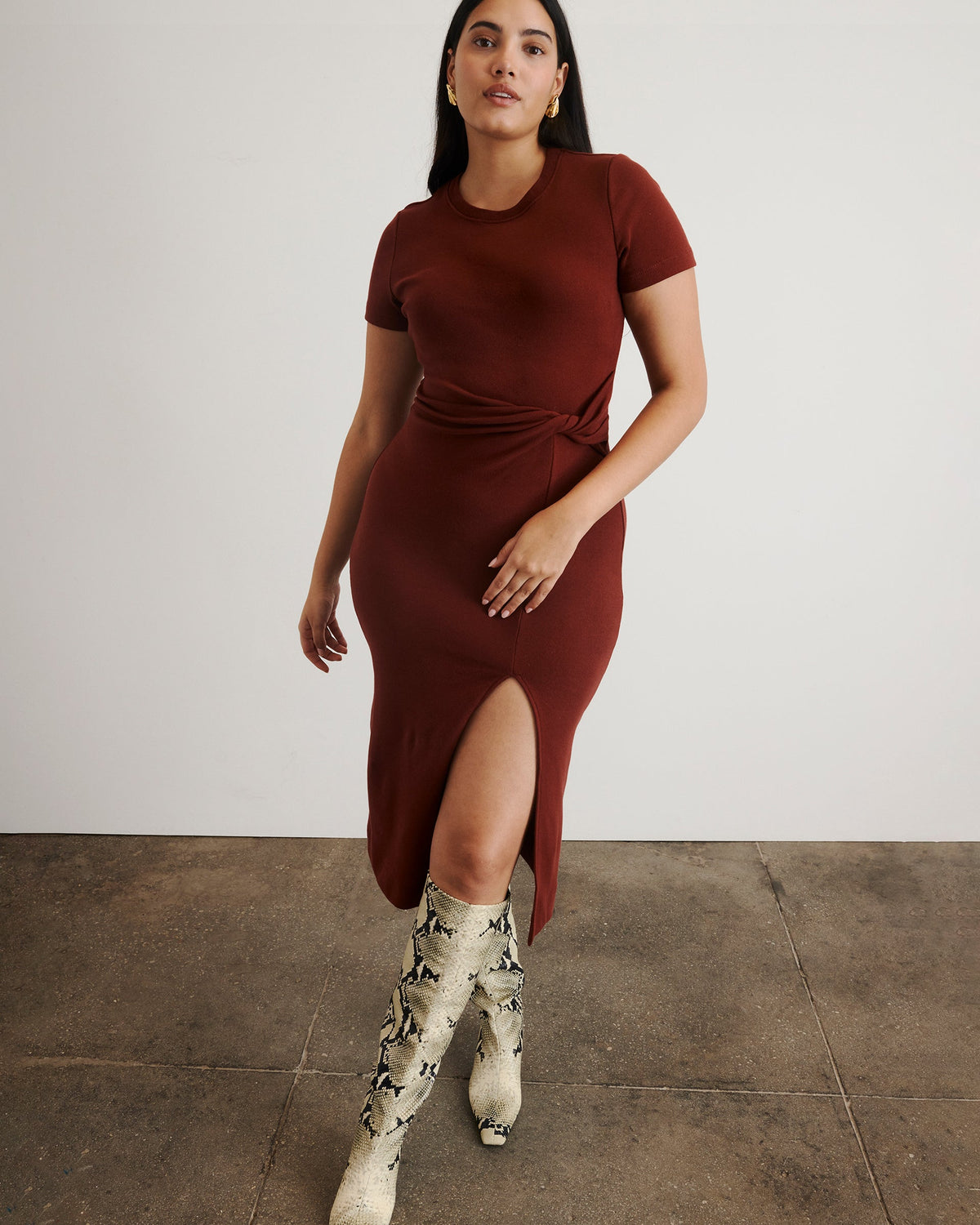 Short Sleeve Cody Dress in Raisin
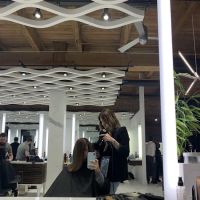 SALON BUZZ ico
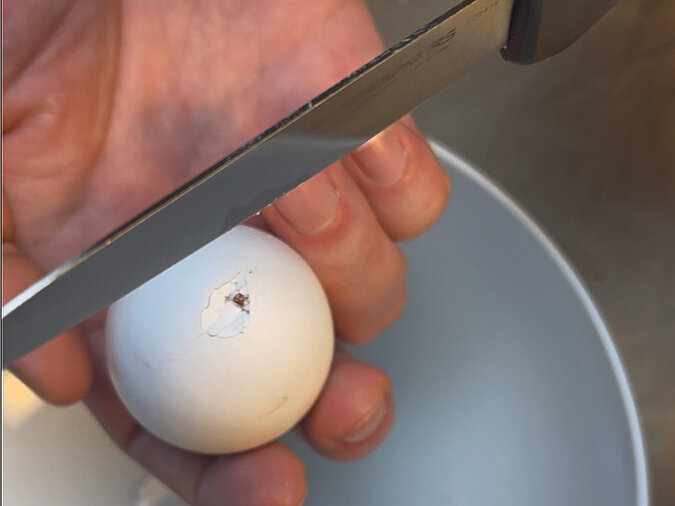 Osterkranz aus Eierschalen basteln Vorbereitung mit Ei vorsichtig anschneiden und öffnen über einer Schüssel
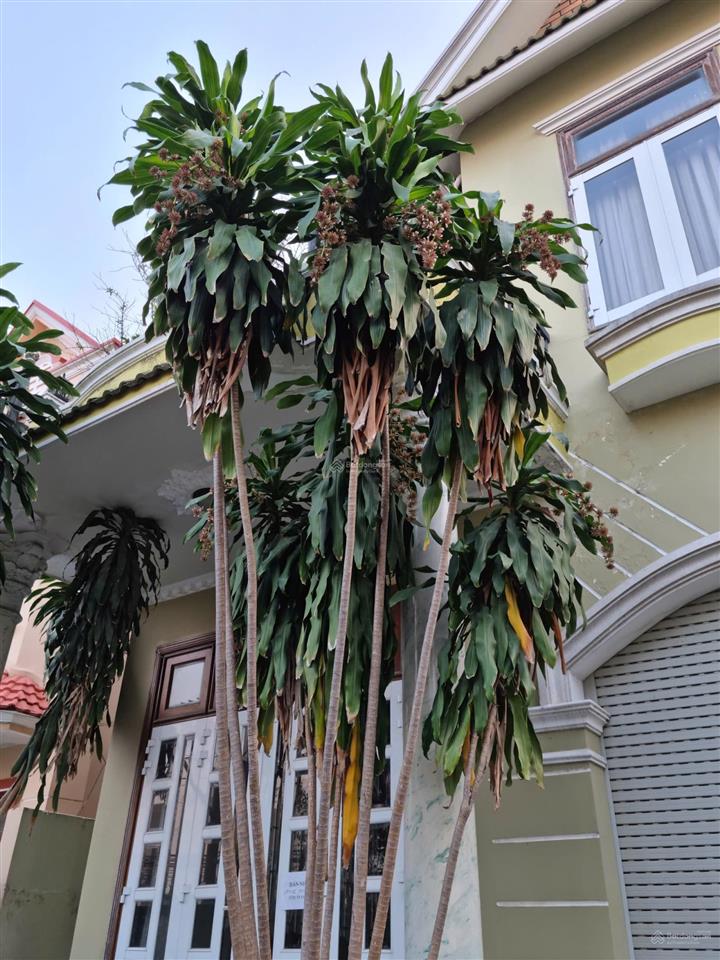 Bán biệt thự cư xá phúc hải, biên hòa, 8x23m, trệt 2 lầu, cách nguyễn ái quốc 200m, giá 10 tỷ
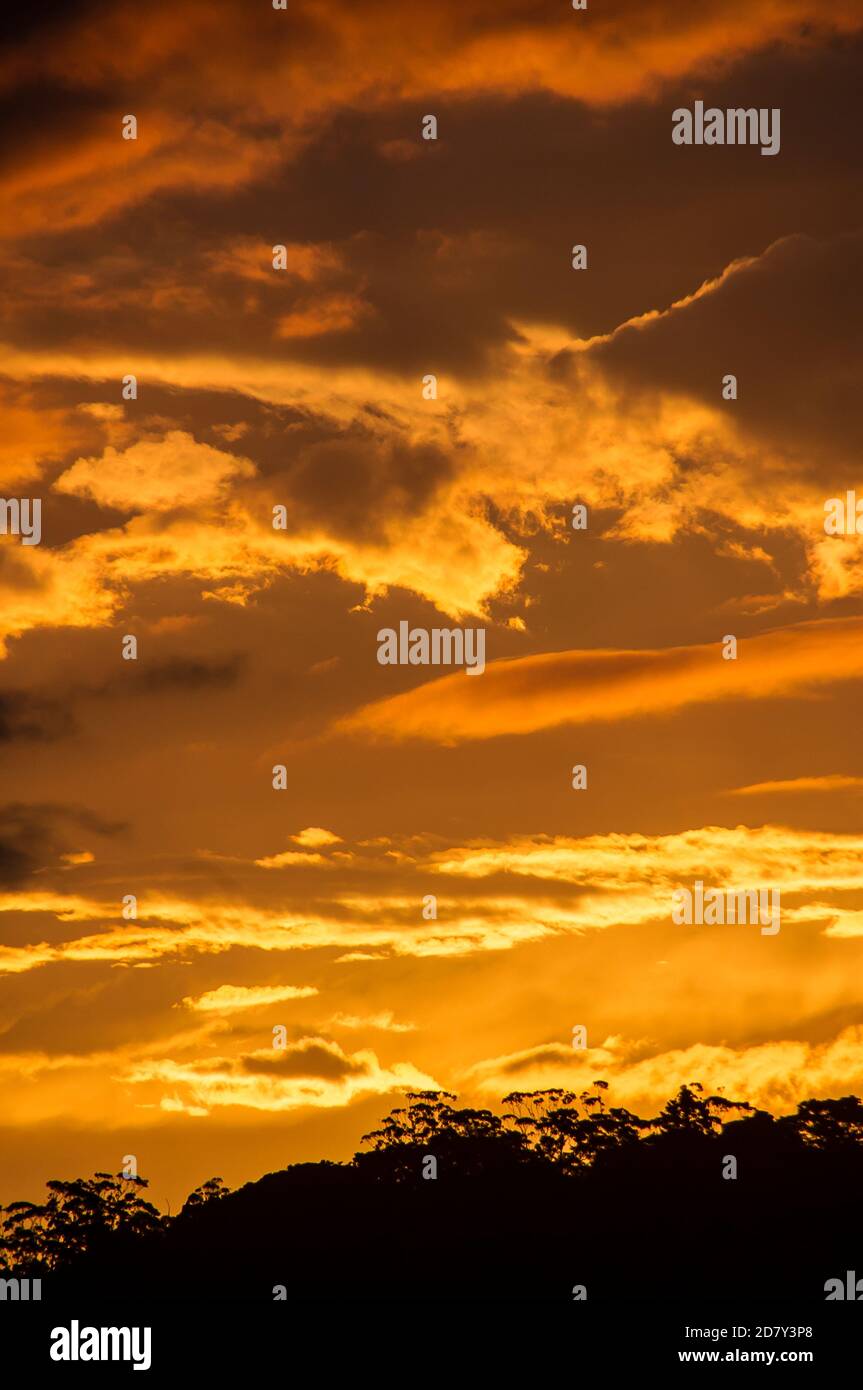 Blassgoldener Sonnenuntergang mit abwechslungsreichen Wolken über Bäumen am Horizont. Summer, Tamborine Mountain, Australien. Speicherplatz kopieren. Stockfoto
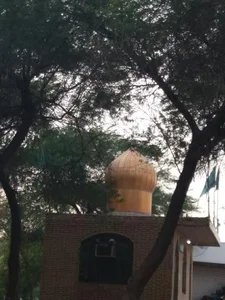 پارک شقایق 5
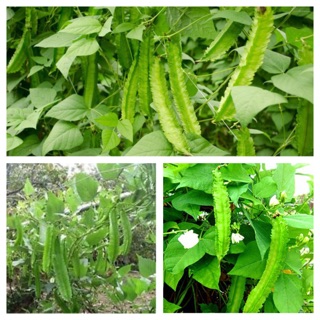 HẠT GIỐNG ĐẬU RỒNG (ĐẬU KHẾ) CAO SẢN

——————————

What you should do — Set the records down again exactly, and omit any picture in them.

Finished exercise —
 Short Sleeve Cody Dress in Raisin
 SALON BUZZ ico
 Osterkranz aus Eierschalen basteln Vorbereitung mit Ei vorsichtig anschneiden und öffnen über einer Schüssel
 Bán biệt thự cư xá phúc hải, biên hòa, 8x23m, trệt 2 lầu, cách nguyễn ái quốc 200m, giá 10 tỷ
 Blassgoldener Sonnenuntergang mit abwechslungsreichen Wolken über Bäumen am Horizont. Summer, Tamborine Mountain, Australien. Speicherplatz kopieren. Stockfoto
 پارک شقایق 5
 HẠT GIỐNG ĐẬU RỒNG (ĐẬU KHẾ) CAO SẢN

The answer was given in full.